The database server will be used to manage ALL logins and usernames/passwords.

Installation

You need to install ALL of:

  • apt-get install apache2-mpm-prefork
    (Some of these email servers require PHP; PHP is crappy and requires mpm-prefork (the 'slow' version of Apache))
  • apt-get install mysql-client
    (should auto-install something like: mysql-common + mysql-client-5.5)
  • apt-get install mysql-server
    (should auto-install something like: mysql-server-5.5 + mysql-server-core-5.5)
  • apt-get install exim4
  • apt-get install exim4-base
  • apt-get install exim4-config
  • apt-get install exim4-daemon-heavy
    (there's an “exim4-mysql” that might be sufficient to replace this, but I gave up: there are way too many exim4 packages, and no help for installing the “correct” set, so … just pick this and get the lot!)
  • apt-get install dovecot-core
  • apt-get install dovecot-imapd
  • apt-get install dovecot-mysql
  • apt-get install roundcube
  • apt-get install roundcube-core
  • apt-get install roundcube-mysql

Setup: DNS

You need an “MX” record on your DNS server, and it needs to point to your main server where you’ll run your email, web, etc.

Setup: Web server

Roundcube sets up an over-the-top config: it creates an email server on every single website hosted on your server, and makes them all available at once.

Following the idea of http://www.cpierce.org/2012/04/roundcube-for-your-debian-squeeze-mail-server/, I used a much simpler, easier-to-maintain, and easier-to-secure setup. This is documented in the Debian package docs too.
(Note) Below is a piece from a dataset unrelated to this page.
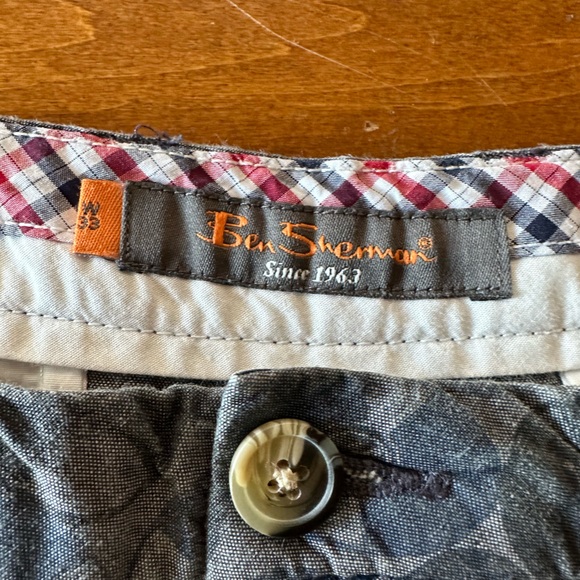 Three pair bundle of men’s size 33 shorts - Ben Sherman and Eddie Bauer - Picture 12 of 14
Create a web address for your webmail

If you have multiple websites hosted on your server, you SHOULD have a separate file for each inside /etc/apache2/sites-available. e.g.:

  • /etc/apache2/sites-available/domain1.com
  • /etc/apache2/sites-available/other-domain.com
  • /etc/apache2/sites-available/my-friends-domain.org

For each domain that you want to give webmail to, edit the file and ADD the following:

<VirtualHost *:80>
  ServerName webmail.[the domain name]
  DocumentRoot /var/lib/roundcube
</VirtualHost>

Note: replace “[the domain name]” with the domain name, e.g. “domain1.com”

Setup: create databases

Create your databases. From the command-line, you can do something like:

mysql -u root -p

…or use your preferred softare (e.g. phpMyAdmin).

Create the database

CREATE DATABASE email_accounts;

Create the tables for email-accounts and config

USE email_accounts;
 
CREATE TABLE mailboxes (
    id INT(10) NOT NULL AUTO_INCREMENT PRIMARY KEY,
    domain_id INT(10) NOT NULL,
    local_part VARCHAR(250) NOT NULL,
    password VARCHAR(100) NULL,
    description VARCHAR(250) NULL,
    active TINYINT(1) NOT NULL DEFAULT 0,
    created TIMESTAMP NOT NULL DEFAULT NOW(),
    modified TIMESTAMP NULL
);
CREATE TABLE aliases (
    id INT(10) NOT NULL AUTO_INCREMENT PRIMARY KEY,
    domain_id INT(10) NOT NULL,
    local_part VARCHAR(250) NOT NULL,
    goto VARCHAR(250) NOT NULL,
    description VARCHAR(250) NULL,
    active TINYINT(1) NOT NULL DEFAULT 0,
    created TIMESTAMP NOT NULL DEFAULT NOW(),
    modified TIMESTAMP NULL
);
CREATE TABLE vacations (
    id INT(10) NOT NULL AUTO_INCREMENT PRIMARY KEY,
    mailbox_id INT(10) NOT NULL,
    subject VARCHAR(250) NOT NULL,
    body TEXT NOT NULL,
    description VARCHAR(250) NULL,
    active TINYINT(1) NOT NULL DEFAULT 0,
    created TIMESTAMP NOT NULL DEFAULT NOW(),
    modified TIMESTAMP NULL
);
 
CREATE TABLE domains (
    id INT(10) NOT NULL AUTO_INCREMENT PRIMARY KEY,
    fqdn VARCHAR(250) NOT NULL,
    type ENUM('local','relay') NOT NULL DEFAULT 'local',
    description VARCHAR(250) NULL,
    active TINYINT(1) NOT NULL DEFAULT 0,
    created TIMESTAMP NOT NULL DEFAULT NOW(),
    modified TIMESTAMP NULL
);

Create a database-account to access the database

grant ALL on email_accounts.* to 'email'@'localhost' identified by 'password';
flush privileges;

Note: that is not an email address, it’s a MySQL user account. Note: this account will ONLY be accessible by our software running on the server; you cannot access this account remotely (over the internet).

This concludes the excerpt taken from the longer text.